L'histoire :
Thésée est le captif d’Astérios, alias le minotaure, dans une chaumière situé dans une « clairière » en plein cœur d’un gigantesque palais abandonné qui ressemble à un labyrinthe. Au terme de la lutte que les deux combattants ont loyalement livré l’un contre l’autre, tous deux se sont blessés mutuellement. Le calme est retombé. D’apparence, la plaie à la cuisse de Thésée demande juste à être cautérisée… Ce à quoi s’emploie le minotaure, après avoir chauffé au fer rouge une épée, tout en discutant sur un ton fort affable avec son adversaire. Le minotaure est sincèrement désolé d’avoir blessé Thésée. Il n’a aucune haine envers ce jeune prince, fils du roi d’Athènes Egée, qui a su conquérir le cœur de sa sœur Ariane. En attendant que sa blessure aille mieux, il lui propose de lui raconter son histoire tragique. Comment est-il devenu le gardien redouté de ce labyrinthe ? Pourquoi le roi Minos lui envoie-t-il régulièrement se perdre les ennemis dont il veut se débarrasser ? Tout a commencé bien des années auparavant, alors que l’architecte athénien Dédale venait de commettre une grosse bêtise. Ce soir-là, Dédale s’était embrouillé avec son neveu apprenti Talos. En lui collant une grosse baffe, ce dernier avait chuté du haut des imposants remparts du Parthénon. Talos était tombé dans la rocaille, mort démembré sur le coup. Ravagé par son acte de folie, Dédale et son ami Tectamus avaient alors tenté de dissimuler cet assassinat involontaire, en recouvrant le corps de Talos de caillasses. Mais des gueux avaient surpris leur manège et menaçaient dès lors la belle notoriété de Dédale. Ce dernier avait aussitôt choisi de s’exiler sur l’île de Crête, au service du roi Minos…

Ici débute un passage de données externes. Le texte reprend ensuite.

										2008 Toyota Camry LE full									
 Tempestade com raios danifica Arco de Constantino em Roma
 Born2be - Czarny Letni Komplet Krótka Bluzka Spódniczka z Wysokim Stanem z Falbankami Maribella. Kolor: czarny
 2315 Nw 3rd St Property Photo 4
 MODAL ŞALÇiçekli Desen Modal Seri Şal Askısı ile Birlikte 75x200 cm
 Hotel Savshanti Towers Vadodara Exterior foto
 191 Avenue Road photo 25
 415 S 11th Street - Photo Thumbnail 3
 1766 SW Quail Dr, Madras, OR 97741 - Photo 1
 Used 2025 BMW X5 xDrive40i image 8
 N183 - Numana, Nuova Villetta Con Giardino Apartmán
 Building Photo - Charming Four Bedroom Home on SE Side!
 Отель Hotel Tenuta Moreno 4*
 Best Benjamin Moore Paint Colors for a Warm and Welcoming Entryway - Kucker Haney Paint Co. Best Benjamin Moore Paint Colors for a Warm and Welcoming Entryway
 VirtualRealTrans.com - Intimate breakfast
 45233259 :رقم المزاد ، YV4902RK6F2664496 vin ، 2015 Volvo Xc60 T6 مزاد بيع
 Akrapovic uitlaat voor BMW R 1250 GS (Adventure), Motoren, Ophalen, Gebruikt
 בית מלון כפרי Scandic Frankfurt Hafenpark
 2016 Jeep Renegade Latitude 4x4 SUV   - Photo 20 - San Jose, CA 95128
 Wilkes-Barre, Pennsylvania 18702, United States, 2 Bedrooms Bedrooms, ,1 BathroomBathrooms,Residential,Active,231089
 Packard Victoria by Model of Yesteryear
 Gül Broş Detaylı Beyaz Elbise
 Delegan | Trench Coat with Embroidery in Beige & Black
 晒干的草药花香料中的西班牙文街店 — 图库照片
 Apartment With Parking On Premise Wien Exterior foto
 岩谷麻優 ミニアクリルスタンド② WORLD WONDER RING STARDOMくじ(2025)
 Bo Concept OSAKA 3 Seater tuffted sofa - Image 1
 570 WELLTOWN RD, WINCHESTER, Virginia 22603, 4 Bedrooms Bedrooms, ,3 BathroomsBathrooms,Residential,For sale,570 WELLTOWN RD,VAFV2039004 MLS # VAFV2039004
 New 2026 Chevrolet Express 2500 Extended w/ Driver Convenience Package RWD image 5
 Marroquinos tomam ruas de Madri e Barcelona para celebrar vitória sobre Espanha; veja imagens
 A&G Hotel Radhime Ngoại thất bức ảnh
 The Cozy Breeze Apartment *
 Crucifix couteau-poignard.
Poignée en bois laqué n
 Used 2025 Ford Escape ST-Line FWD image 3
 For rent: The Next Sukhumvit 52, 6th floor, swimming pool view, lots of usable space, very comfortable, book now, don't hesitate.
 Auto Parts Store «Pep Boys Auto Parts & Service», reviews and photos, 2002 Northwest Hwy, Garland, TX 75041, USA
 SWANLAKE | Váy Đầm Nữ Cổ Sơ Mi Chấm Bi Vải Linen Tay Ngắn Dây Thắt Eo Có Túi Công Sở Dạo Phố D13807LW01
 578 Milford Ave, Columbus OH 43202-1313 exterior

Ce qu'on en pense sur la planète BD :
Après avoir revisité le mythe de Pygmalion – et bien avant, en compagnie de Christian Rossi, ceux de Tiresias et de la Gloire d’Hera – le scénariste Serge le Tendre et le dessinateur Frédéric Peynet proposent une nouvelle lecture de l’une des superstars de la mythologie grecque : le Minotaure. Contrairement aux clichés d’ordinaire utilisés, ce monstre sanguinaire qui décime quiconque cherche à sortir du labyrinthe dans lequel il est enfermé à vie, porte ici en lui une grande part d’humanité. Il est cultivé, s’exprime correctement et se montre fort affable envers le jeune homme qui va le terrasser, Thésée. Mais alors, devant tant d'urbanités, pourquoi le fils du roi Egée va t-il ainsi chercher à l’éradiquer ? Pour comprendre cette confrontation inévitable, fatale et mythique, Serge le Tendre prend le temps de remonter à la genèse d’Astérios – oui, le Minotaure a un prénom ! Pourquoi celui-ci a t-il un corps d’homme et une tête de taureau ? Quels sont ses origines familiales et quel lien d’affection si puissant le lie-t-il à Dédale, l’architecte du labyrinthe ? Car dans cette version tout à fait cohérente et teintée de tragédie shakespearienne, le destin du Minotaure est intimement lié à celui de Dédale, son père d'adoption, qui tient ici un rôle central. Le Tendre construit sa narration à partir des dernières heures du Minotaure, alors qu’il papote avec son « bourreau » au centre du labyrinthe. Astérios raconte son histoire à Thésée, par séquences de flashbacks successives, une nouvelle fois dessinées de grandiose manière par Peynet. Les personnages sont expressifs, attachants, les paysages de Crête envoûtants et baignés de lumière méditerranéenne qui donne sacrément envie de (re)partir en vacances… Quant au labyrinthe, il se démarque de l’image classique des jeux des magazines pour enfants : il s’agit plus d’un inextricable et gigantesque palais plein de coursives, d’escaliers et d’oubliettes, lugubre et morbide. Une relecture aussi envoûtante qu'astucieuse.